_Task details_:
Go line by line through the records below. Copy whichever lines contain the string "senior".

Saved data entries
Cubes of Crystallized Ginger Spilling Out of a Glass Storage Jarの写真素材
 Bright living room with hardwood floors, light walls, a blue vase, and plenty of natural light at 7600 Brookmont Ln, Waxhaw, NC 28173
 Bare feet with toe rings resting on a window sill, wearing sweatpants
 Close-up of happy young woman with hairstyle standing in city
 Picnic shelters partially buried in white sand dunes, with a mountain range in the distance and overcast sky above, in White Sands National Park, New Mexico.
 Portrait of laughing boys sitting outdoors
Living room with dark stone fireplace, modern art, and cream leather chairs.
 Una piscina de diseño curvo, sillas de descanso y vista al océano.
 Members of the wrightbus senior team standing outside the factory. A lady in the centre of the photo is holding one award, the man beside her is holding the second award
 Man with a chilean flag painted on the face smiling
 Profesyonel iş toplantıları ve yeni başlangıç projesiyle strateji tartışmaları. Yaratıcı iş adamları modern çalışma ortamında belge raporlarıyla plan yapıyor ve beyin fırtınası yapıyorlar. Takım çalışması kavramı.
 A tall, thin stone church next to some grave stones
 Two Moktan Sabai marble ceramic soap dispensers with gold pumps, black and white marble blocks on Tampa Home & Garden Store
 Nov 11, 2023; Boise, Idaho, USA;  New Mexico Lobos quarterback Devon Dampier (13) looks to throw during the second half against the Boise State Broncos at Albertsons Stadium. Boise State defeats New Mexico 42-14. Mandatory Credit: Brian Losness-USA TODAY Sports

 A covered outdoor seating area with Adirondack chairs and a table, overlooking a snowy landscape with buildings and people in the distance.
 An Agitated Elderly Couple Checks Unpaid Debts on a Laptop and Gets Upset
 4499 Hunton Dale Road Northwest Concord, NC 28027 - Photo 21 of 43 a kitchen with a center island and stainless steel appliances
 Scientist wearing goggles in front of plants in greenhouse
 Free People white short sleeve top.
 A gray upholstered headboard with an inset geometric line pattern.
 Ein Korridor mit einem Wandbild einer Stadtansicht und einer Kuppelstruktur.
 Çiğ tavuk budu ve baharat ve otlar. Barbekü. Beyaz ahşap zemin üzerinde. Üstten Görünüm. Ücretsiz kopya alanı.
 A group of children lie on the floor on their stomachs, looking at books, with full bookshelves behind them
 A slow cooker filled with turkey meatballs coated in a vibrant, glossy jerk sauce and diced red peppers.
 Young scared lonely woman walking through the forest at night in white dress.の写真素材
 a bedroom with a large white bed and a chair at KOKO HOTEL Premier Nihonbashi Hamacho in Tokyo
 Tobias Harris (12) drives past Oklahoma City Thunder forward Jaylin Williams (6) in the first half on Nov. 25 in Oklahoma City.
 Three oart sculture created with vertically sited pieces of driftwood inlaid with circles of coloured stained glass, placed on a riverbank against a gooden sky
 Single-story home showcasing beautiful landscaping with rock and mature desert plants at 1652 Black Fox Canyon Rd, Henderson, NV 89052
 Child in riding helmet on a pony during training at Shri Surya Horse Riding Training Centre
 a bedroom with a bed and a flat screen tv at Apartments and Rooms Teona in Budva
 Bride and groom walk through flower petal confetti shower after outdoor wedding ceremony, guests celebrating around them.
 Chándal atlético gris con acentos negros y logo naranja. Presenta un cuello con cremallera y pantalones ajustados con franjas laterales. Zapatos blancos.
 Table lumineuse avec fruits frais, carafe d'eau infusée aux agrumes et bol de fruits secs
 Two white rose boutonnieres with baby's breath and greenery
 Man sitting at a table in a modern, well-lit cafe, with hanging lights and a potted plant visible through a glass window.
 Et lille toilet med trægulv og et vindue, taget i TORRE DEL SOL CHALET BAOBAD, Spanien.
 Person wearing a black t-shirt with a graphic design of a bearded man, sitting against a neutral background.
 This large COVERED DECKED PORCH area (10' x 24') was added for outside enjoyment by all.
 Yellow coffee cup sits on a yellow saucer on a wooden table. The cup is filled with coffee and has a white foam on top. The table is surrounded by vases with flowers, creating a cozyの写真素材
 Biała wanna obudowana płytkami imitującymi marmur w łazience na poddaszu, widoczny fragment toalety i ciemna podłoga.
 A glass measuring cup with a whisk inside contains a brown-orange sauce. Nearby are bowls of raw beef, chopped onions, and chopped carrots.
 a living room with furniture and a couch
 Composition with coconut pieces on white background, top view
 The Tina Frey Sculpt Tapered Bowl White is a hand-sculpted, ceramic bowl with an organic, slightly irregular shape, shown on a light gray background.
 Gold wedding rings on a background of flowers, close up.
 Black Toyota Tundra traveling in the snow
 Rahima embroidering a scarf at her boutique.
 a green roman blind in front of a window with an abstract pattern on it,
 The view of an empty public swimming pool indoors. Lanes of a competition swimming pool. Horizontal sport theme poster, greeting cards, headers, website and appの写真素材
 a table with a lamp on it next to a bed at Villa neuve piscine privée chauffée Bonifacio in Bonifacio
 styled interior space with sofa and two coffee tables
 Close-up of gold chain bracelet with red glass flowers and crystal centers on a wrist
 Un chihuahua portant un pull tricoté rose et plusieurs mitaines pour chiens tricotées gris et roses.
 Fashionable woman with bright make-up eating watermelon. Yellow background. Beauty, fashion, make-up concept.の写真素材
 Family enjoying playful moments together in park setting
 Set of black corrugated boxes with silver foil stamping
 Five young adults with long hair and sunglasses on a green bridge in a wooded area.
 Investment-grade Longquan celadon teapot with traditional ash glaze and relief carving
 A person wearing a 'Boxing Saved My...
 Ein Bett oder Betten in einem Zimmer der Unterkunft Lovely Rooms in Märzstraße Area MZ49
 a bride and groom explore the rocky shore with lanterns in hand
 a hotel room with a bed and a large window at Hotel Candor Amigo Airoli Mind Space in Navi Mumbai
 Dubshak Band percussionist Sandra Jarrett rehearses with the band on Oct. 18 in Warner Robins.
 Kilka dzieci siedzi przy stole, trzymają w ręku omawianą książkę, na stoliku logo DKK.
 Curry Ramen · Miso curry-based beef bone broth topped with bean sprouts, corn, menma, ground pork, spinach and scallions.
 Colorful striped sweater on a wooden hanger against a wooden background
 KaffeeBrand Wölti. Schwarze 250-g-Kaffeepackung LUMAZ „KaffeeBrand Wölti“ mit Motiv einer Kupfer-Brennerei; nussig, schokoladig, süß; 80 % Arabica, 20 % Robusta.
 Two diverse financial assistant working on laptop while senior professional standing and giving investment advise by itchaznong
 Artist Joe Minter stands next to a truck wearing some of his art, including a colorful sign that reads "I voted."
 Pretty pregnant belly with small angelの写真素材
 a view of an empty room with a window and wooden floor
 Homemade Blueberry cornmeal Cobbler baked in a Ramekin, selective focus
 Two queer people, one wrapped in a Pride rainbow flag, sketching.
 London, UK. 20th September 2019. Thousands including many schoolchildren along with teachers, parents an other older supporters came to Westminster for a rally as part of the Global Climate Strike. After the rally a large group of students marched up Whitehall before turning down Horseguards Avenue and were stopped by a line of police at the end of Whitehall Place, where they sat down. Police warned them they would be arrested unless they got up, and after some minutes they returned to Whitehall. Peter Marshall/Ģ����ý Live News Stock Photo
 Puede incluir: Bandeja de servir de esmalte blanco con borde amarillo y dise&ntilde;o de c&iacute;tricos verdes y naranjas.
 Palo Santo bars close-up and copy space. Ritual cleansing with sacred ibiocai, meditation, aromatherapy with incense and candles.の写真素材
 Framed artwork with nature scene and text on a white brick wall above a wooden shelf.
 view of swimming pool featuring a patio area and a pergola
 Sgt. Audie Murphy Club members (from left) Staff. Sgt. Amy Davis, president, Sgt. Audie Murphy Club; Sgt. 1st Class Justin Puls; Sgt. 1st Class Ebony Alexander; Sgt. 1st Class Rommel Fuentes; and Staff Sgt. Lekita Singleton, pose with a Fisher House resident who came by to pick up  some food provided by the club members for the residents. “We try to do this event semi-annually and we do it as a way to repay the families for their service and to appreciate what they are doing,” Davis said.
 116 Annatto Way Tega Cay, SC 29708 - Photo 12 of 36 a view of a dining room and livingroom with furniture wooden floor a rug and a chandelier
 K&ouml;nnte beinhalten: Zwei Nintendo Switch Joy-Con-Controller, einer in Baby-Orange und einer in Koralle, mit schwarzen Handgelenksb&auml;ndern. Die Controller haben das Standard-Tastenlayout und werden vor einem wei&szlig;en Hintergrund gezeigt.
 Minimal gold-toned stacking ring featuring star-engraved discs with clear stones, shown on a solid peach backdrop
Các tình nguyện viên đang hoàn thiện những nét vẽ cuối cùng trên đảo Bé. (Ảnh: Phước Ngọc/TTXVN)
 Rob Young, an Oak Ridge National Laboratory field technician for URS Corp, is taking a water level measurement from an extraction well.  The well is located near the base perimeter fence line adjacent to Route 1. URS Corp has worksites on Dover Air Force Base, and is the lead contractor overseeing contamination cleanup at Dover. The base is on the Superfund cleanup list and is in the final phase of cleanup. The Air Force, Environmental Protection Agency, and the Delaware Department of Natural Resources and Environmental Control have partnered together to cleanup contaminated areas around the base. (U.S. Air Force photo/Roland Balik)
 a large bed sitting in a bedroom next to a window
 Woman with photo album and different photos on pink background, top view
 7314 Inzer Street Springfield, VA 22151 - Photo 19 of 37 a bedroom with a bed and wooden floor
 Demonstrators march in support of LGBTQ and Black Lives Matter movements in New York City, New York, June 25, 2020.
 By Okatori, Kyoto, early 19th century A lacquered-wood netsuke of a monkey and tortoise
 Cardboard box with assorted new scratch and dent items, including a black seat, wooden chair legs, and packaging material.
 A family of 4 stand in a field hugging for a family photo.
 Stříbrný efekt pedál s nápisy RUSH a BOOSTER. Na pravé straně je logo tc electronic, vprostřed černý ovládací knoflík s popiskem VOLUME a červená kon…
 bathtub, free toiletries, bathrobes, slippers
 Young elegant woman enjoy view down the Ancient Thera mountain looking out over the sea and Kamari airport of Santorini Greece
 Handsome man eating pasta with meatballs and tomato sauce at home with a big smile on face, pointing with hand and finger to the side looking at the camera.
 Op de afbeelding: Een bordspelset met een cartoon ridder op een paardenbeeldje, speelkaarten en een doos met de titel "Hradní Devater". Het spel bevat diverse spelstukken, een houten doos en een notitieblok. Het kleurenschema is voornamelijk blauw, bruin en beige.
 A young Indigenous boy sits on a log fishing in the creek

_Written response_:
 Members of the wrightbus senior team standing outside the factory. A lady in the centre of the photo is holding one award, the man beside her is holding the second award
 Two diverse financial assistant working on laptop while senior professional standing and giving investment advise by itchaznong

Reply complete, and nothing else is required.